Once the images are removed, set down everything else in the listing below exactly.

Data extract Start Marker

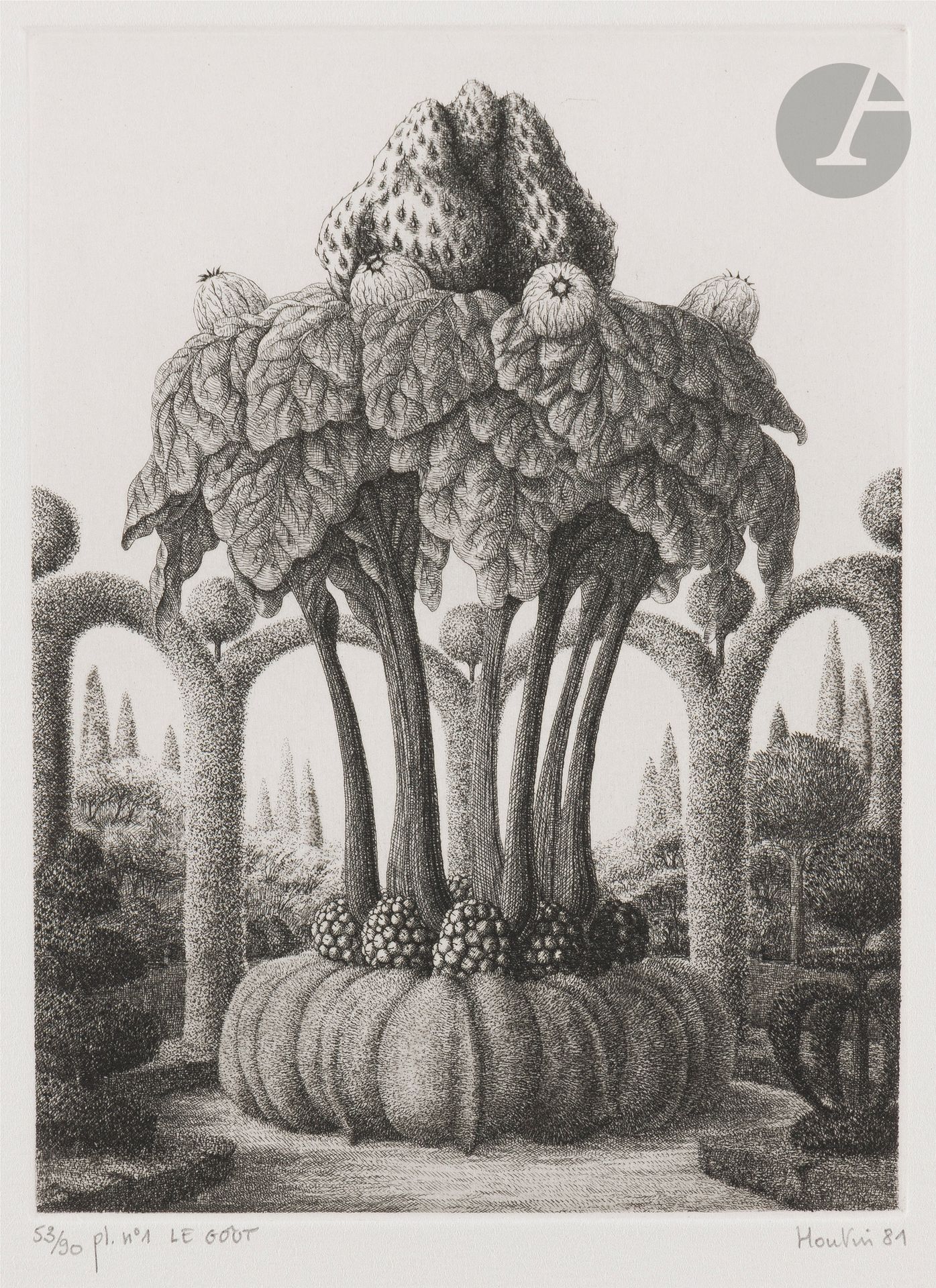 François Houtin (born 1950) 
Five gardens - five senses. Text by F. Garcia Lorca. Paris, M. Broutta, 1982. An album in-4 [270 x 360] in sheets, containing 4 plates (of 5 - La Vue is missing). Very fine proofs on white vellum, numbered, titled, signed and dated in pencil. Slight traces of oxidation at the edges of the leaves. Signed by the artist and publisher. Sent by the artist on the false title: "to Jacqueline de Champvallins / Sincerely / François Houtin 31-1-86". Publisher's boards (covered with glued coarse-grained sand, slightly faded). Edition of 90 proofs. 

Provenance:
Jacqueline de Champvallins (1923-2006), gallery owner and print publisher.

Data extract End Marker

### [Written solution]
 François Houtin (born 1950) 
Five gardens - five senses. Text by F. Garcia Lorca. Paris, M. Broutta, 1982. An album in-4 [270 x 360] in sheets, containing 4 plates (of 5 - La Vue is missing). Very fine proofs on white vellum, numbered, titled, signed and dated in pencil. Slight traces of oxidation at the edges of the leaves. Signed by the artist and publisher. Sent by the artist on the false title: "to Jacqueline de Champvallins / Sincerely / François Houtin 31-1-86". Publisher's boards (covered with glued coarse-grained sand, slightly faded). Edition of 90 proofs. 

Provenance:
Jacqueline de Champvallins (1923-2006), gallery owner and print publisher.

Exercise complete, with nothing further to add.